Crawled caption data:
—————
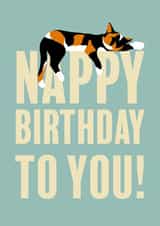 Happy Nappy Birthday Sleepy Calico Cat created by Lisa Crisafi
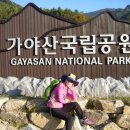 (제173차) 정기산행, 경북 성주 가야산(1433m) 갑니다. 이미지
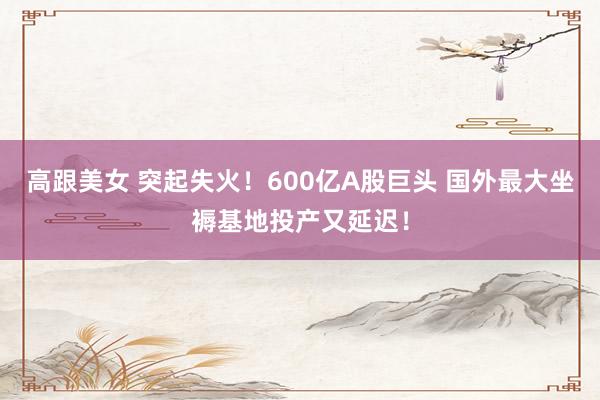 高跟美女 突起失火！600亿A股巨头 国外最大坐褥基地投产又延迟！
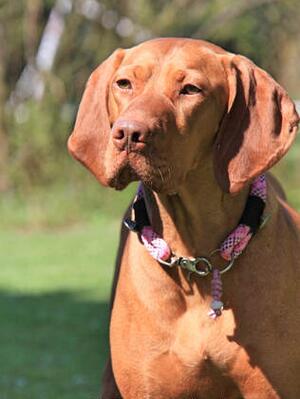 Roux (Mummy)
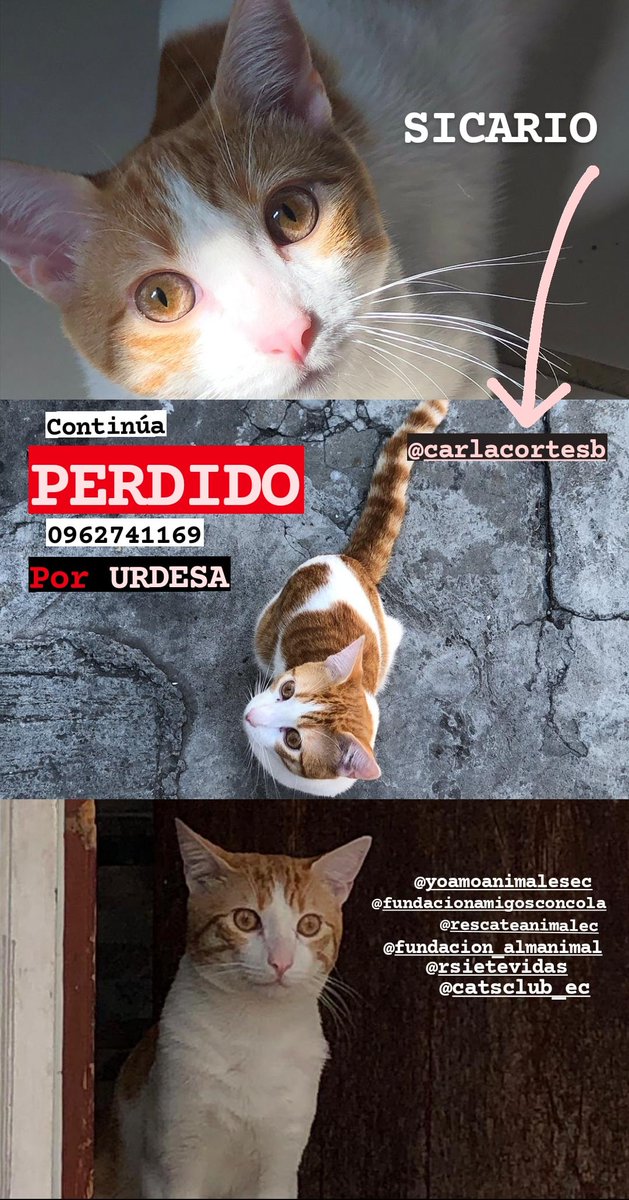 CONTINÚA PERDIDO‼️
Por URDESA

Más info 0962741169

Si lo ves, por favor llévalo contigo y REPORTA🙏🏽✨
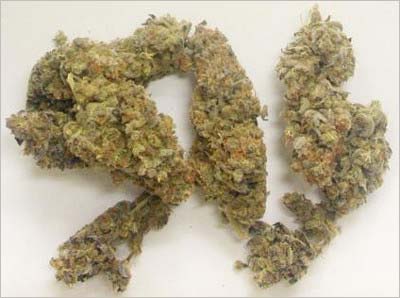 高樹沙耶の自宅から押収された乾燥大麻(約10グラム)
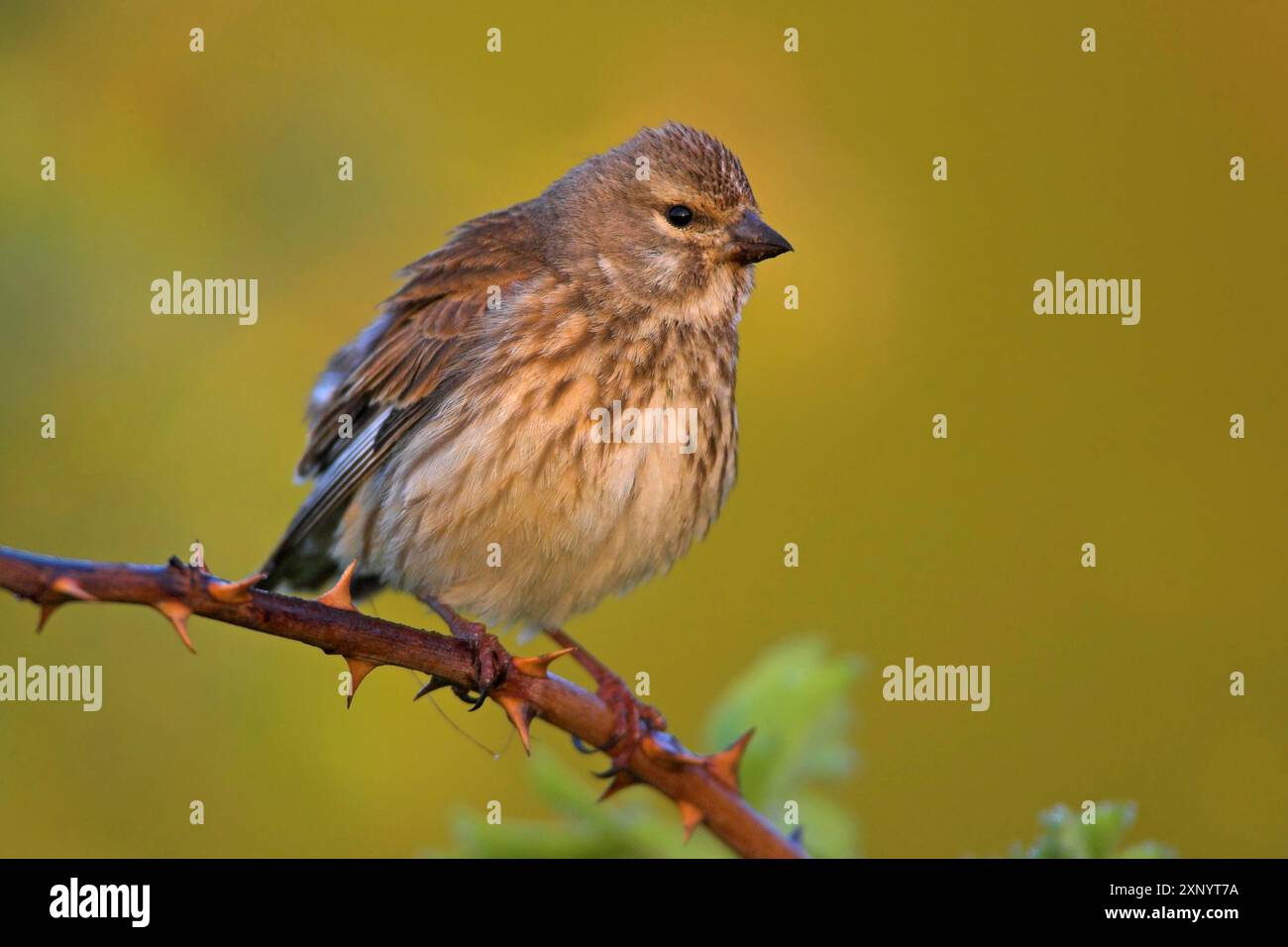 Linnet, Linnet commun, Linnet eurasien, (Carduelis cannabin), (Acanthis cannabina), Linotte mElodieuse, Pardillo ComË™n Banque D'Images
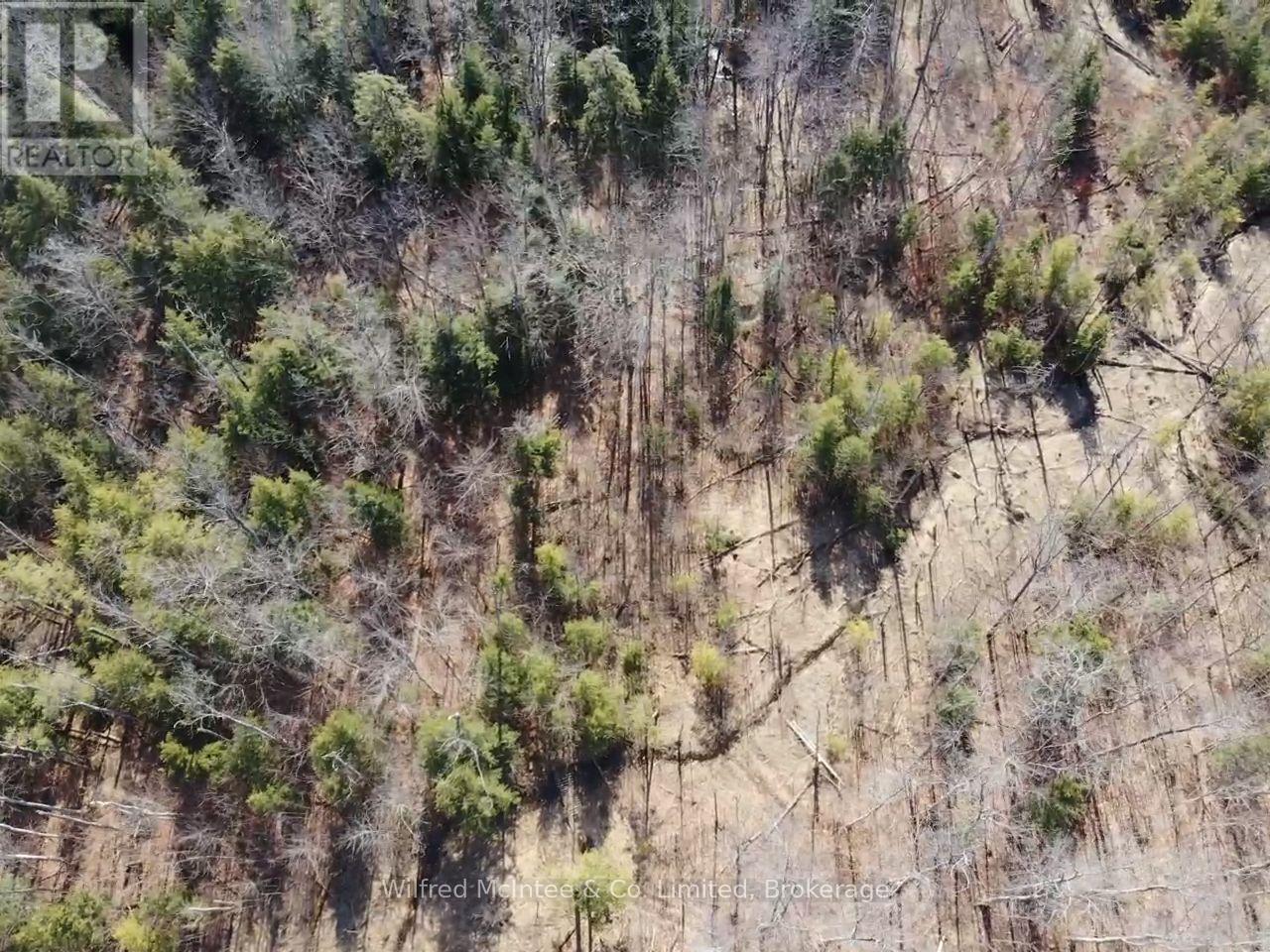 Pt Lt 31 Con 3 Tower Line, Central Huron, Ontario  N0M 1G0 - Photo 17 - X12725596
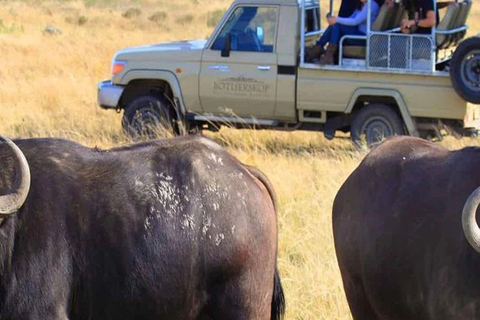 CAPE TOWN: PRYWATNE SAFARI W REZERWACIE GIER AQUILAZ Kapsztadu: Wycieczka w obie strony do Aquili z przejażdżką do gier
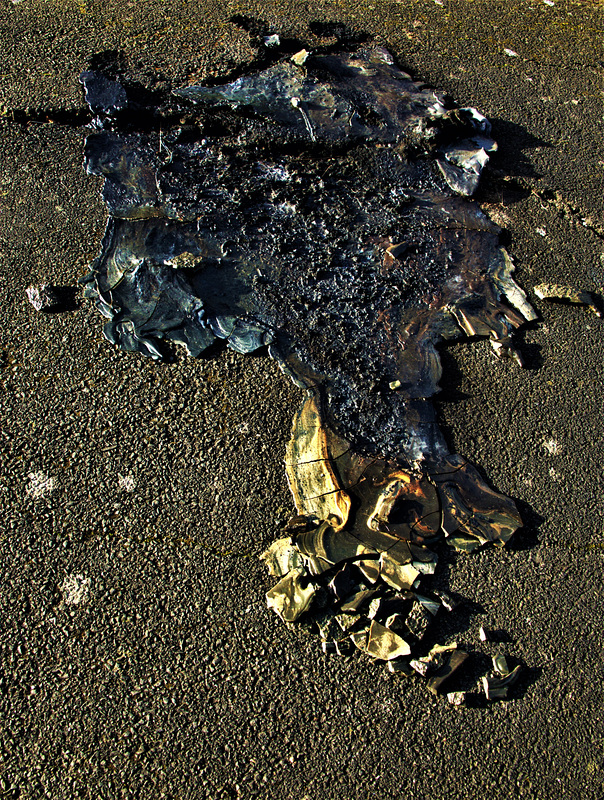 Set On Fire And Melted Into The Road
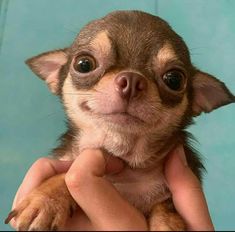 a small chihuahua puppy is being held in someone's hands with one paw on his chest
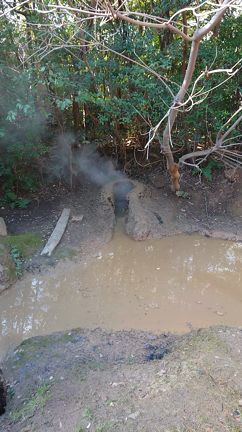 2019大分県旅行⑦(かまど地獄)の記事動画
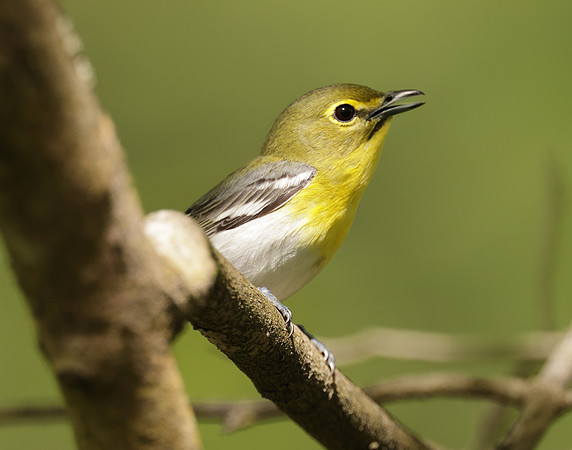 Yellow-throated Vireo Vireo flavifrons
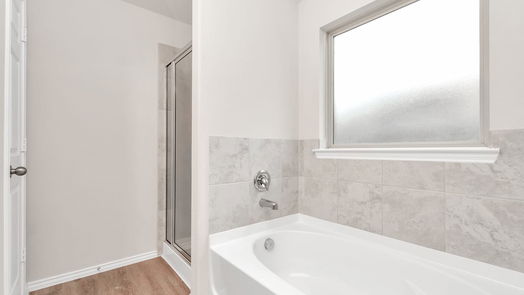 Missouri City 1-story, 4-bed 3611 Champions Cove Lane-idx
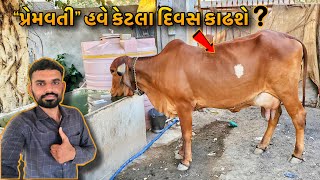 આપડી ગાય “પ્રેમવતી” હવે વીયાણ ઉપર આવી 🤗 | ક્યારે વિયાશે ? | 28/02/2024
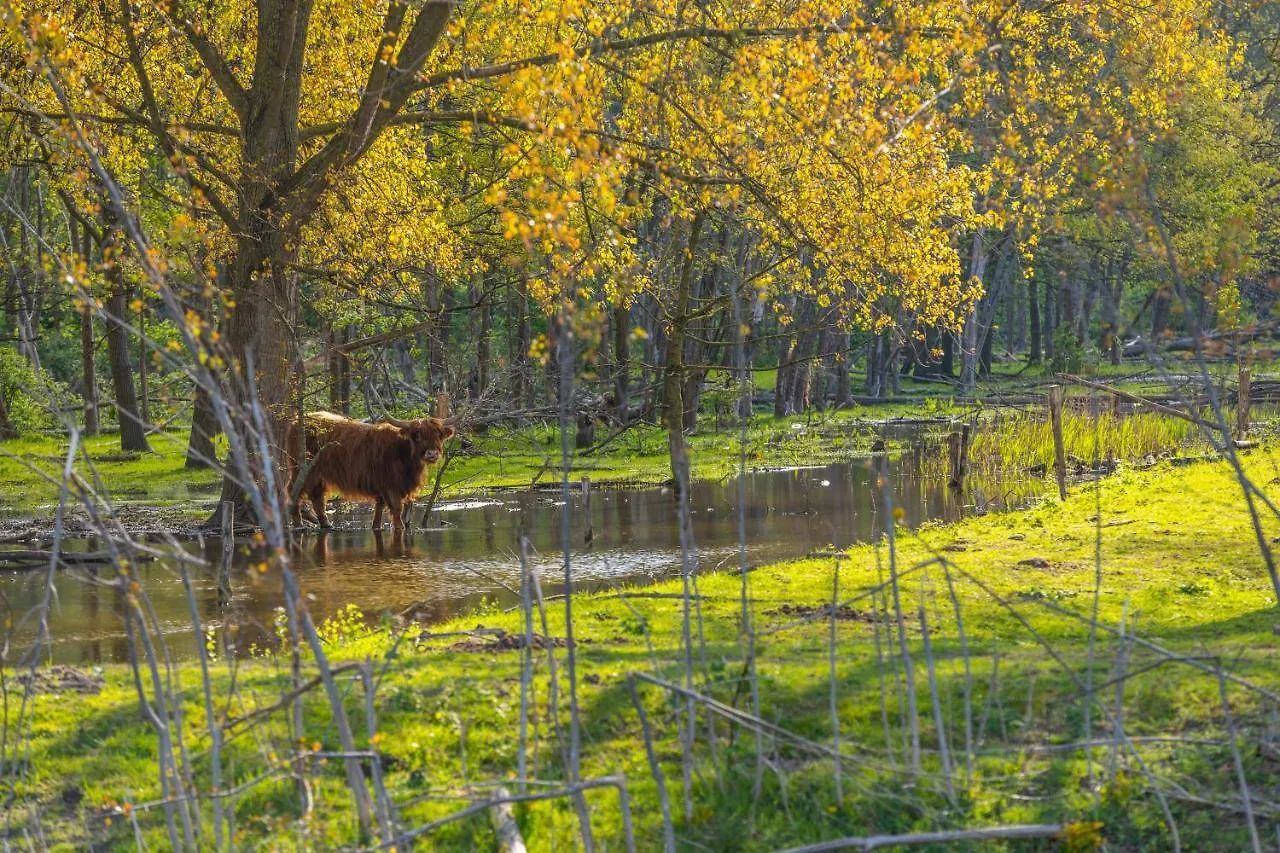 Europarcs Spaarnwoude Halfweg
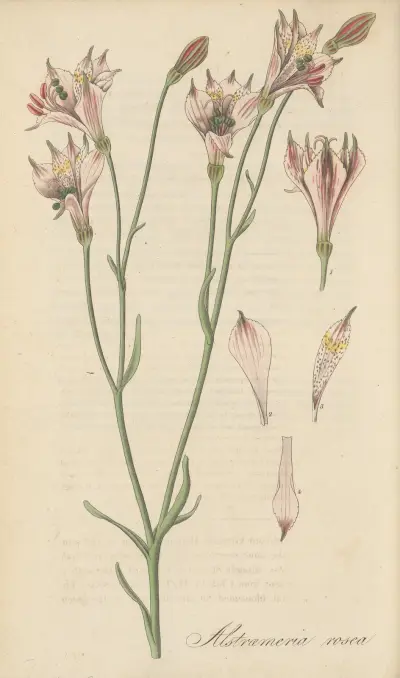 Alstroemeria rosea von William Jackson Hooker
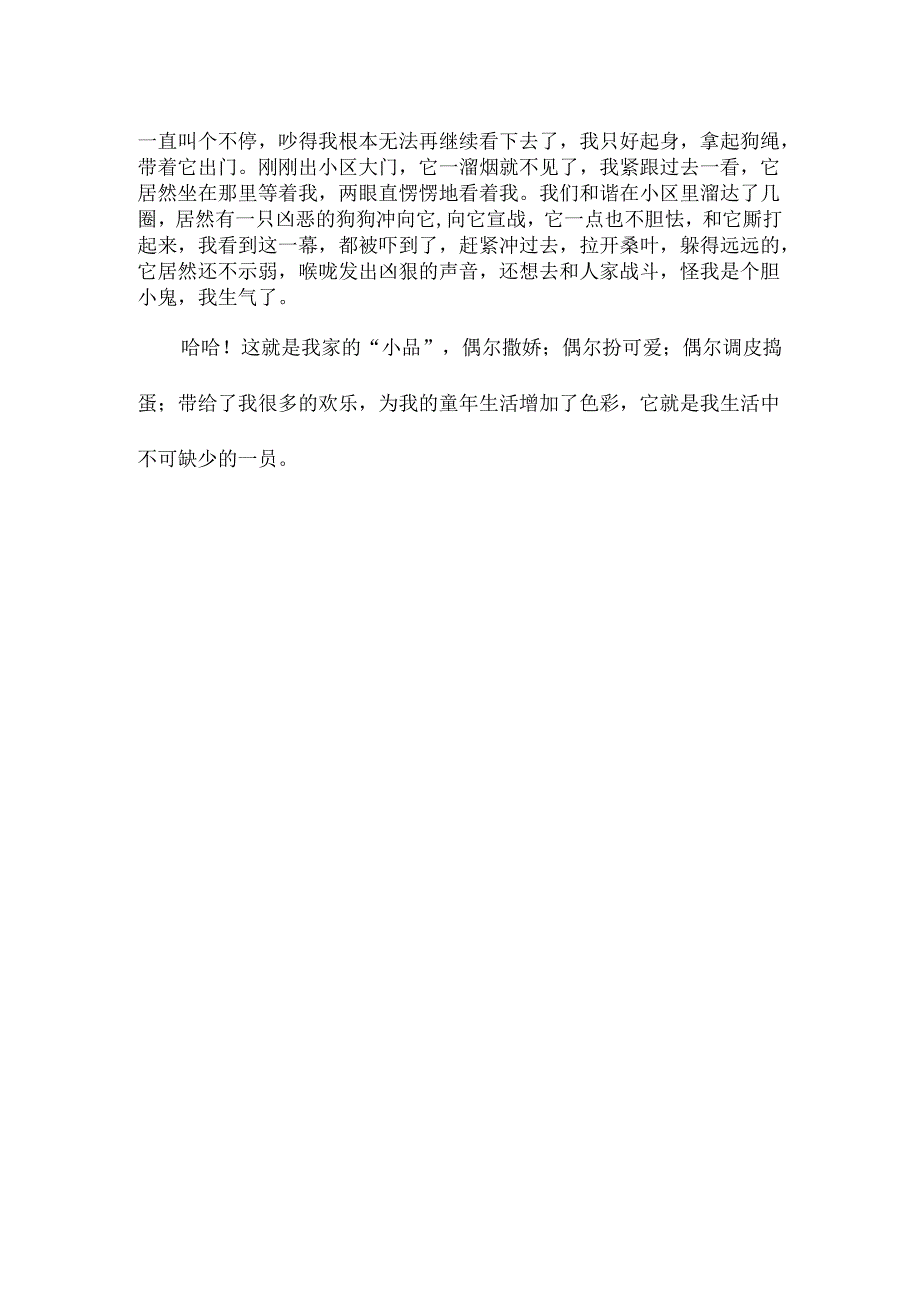 我的动物朋友小狗作文800字.docx_第2页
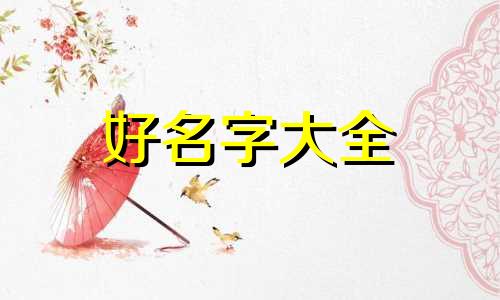 宠物用品如何起名字的图片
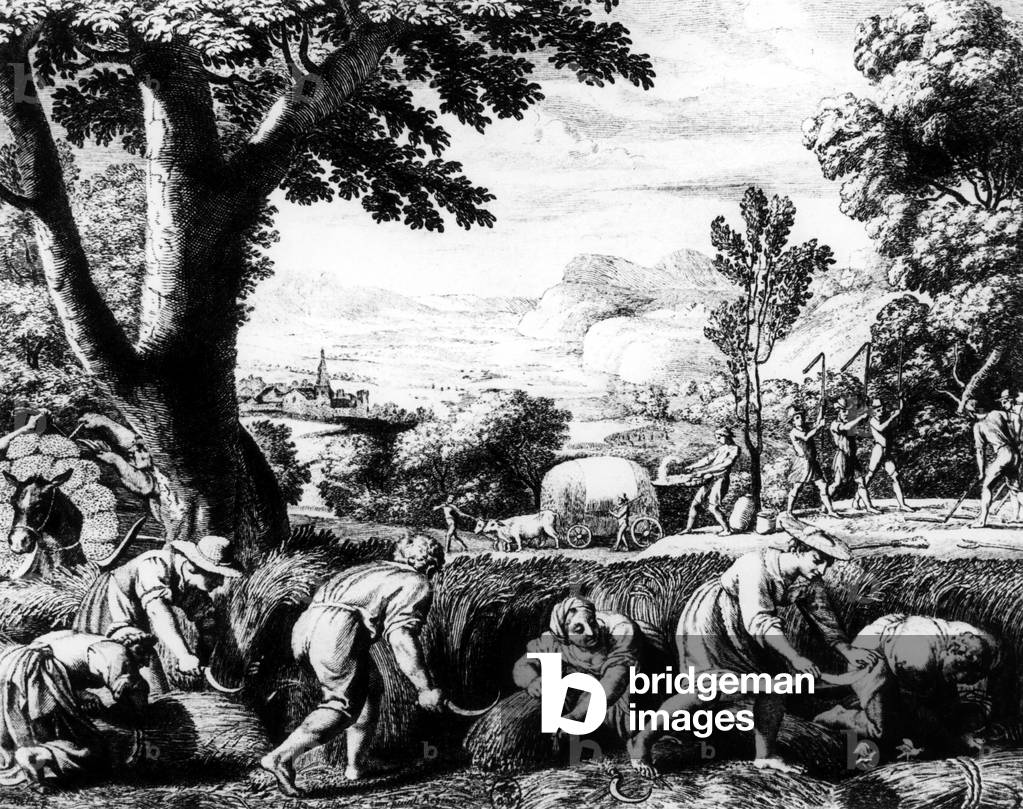 Grain harvest in the 17th century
—————
__EXERCISE DESCRIPTION__: Leave the pictures out, and copy exactly each line from the one containing "Set On Fire And Melted Into The Road" through the final line of the data.

__OUTPUT__:
 Set On Fire And Melted Into The Road
 a small chihuahua puppy is being held in someone's hands with one paw on his chest
 2019大分県旅行⑦(かまど地獄)の記事動画
 Yellow-throated Vireo Vireo flavifrons
 Missouri City 1-story, 4-bed 3611 Champions Cove Lane-idx
 આપડી ગાય “પ્રેમવતી” હવે વીયાણ ઉપર આવી 🤗 | ક્યારે વિયાશે ? | 28/02/2024
 Europarcs Spaarnwoude Halfweg
 Alstroemeria rosea von William Jackson Hooker
 我的动物朋友小狗作文800字.docx_第2页
 宠物用品如何起名字的图片
 Grain harvest in the 17th century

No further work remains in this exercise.